Now the chief content officer at Hearst (the publisher of Cosmo), Coles is the author of a new book, “Love Rules: How to Find a Real Relationship in a Digital World.” She told Recode’s Kara Swisher that her research for the book turned up story after story of prolonged digital flirtations that ended after one in-person meeting.
“One of the things I heard repeatedly from men and women is that you would meet this person that you’d had this flirty [text] exchange with, that you thought you knew,” Coles said. “They came in, they didn’t look at all like you’d expected them to look, because you’d filled them with positive attributes over this weird, spectral exchange. And then, one or the other would frequently say, ‘It’s great to meet you! I think we can both tell this isn’t going to work.’”
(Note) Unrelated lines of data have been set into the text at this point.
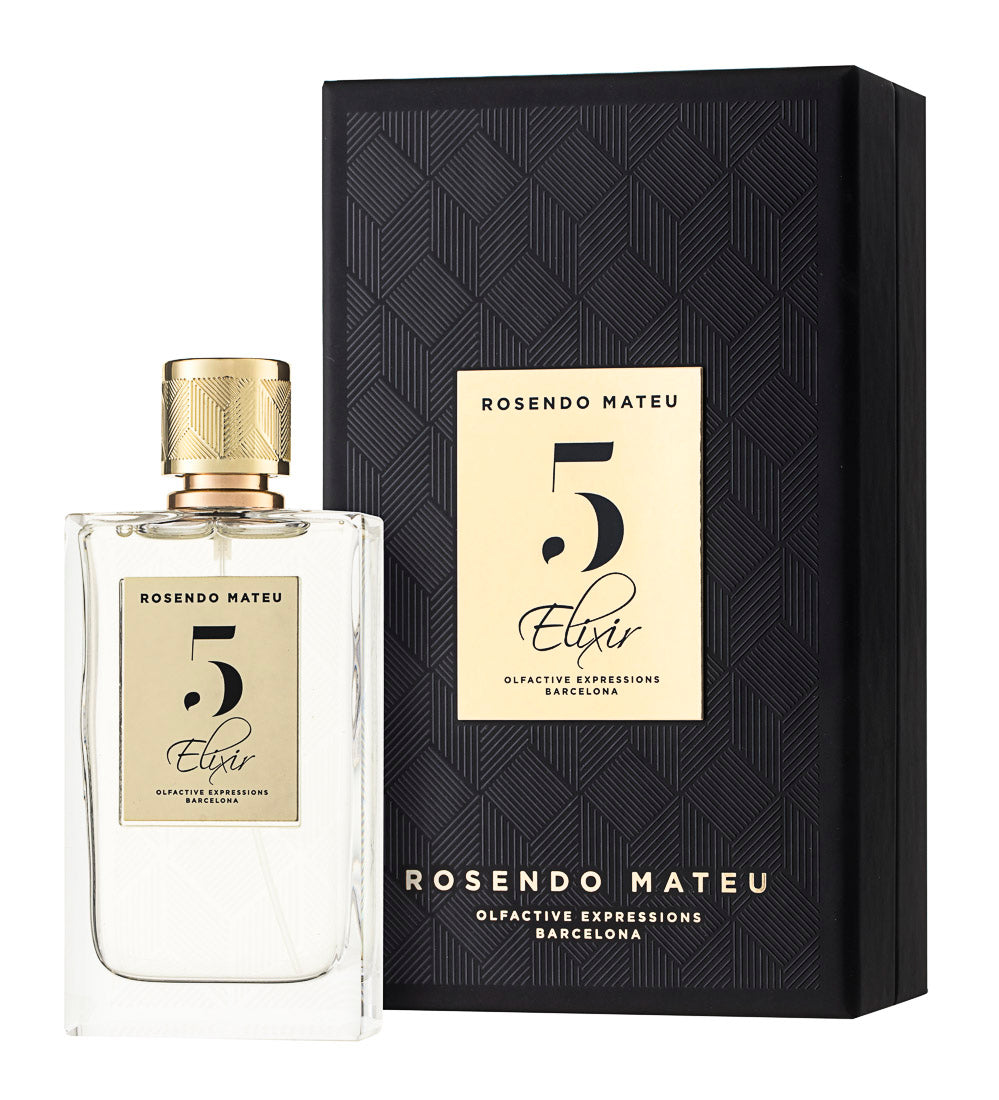 Rosendo Mateu Nº 5 Elixir Extrait de Parfum 100 ml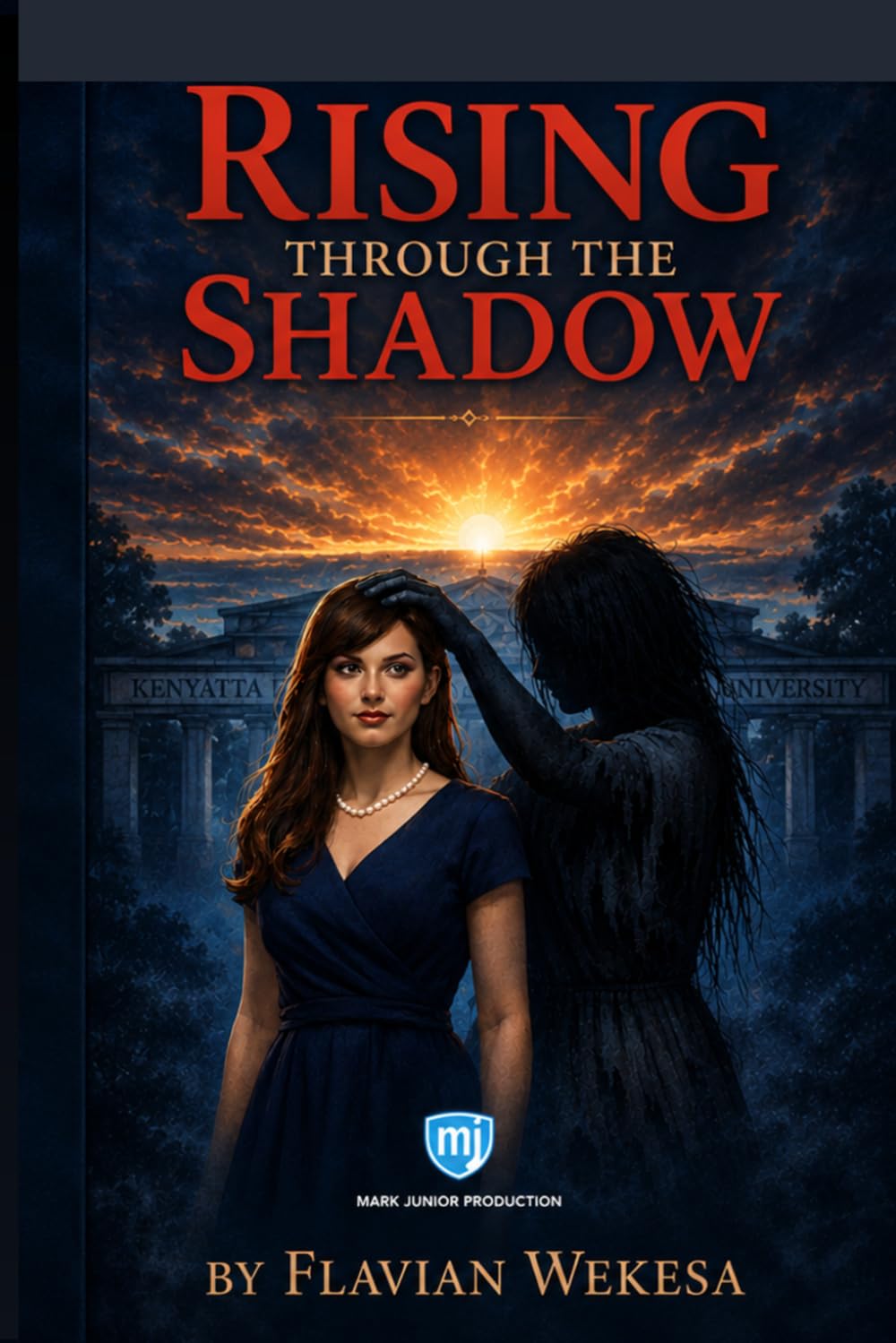 RISING THROUGH THE SHADOW: A heartfelt journey of resilience, redemption and hope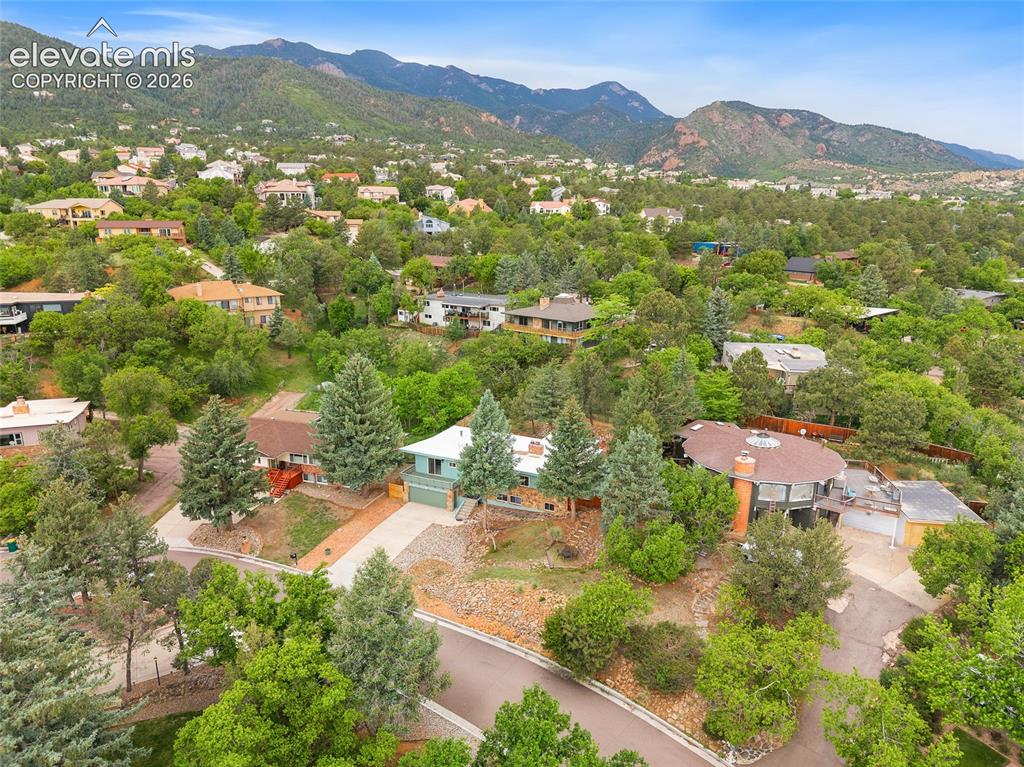 726 Scorpio Circle Colorado Springs CO 80906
“You’d spent a month, wasted, fantasizing about who this person is and that you might really get on when you eventually meet,” she added. “It’s such a waste of time!”
On the new podcast, Coles also talked about a complaint she frequently heard from women who are currently dating or in relationships: They felt they were competing with online porn. Although she described herself as “not anti-porn,” Coles said it has unsettlingly become the “default way of learning how people have sex.”
“What works for the camera doesn’t necessarily work in real life,” she said. “Men expected them to behave like porn stars, so they wanted them to look like porn stars — so no pubic hair — and they wanted them to moan and say the things that porn stars say. A lot of that is really clichéd and it almost always involves the man at the center of things.”
A related trend is the hookup culture that has sprung up thanks to dating apps like Tinder and Grindr.
“It’s difficult to have good sex with strangers, especially if you’ve had very little communication beforehand,” Coles said. “Good sex is about good communication.”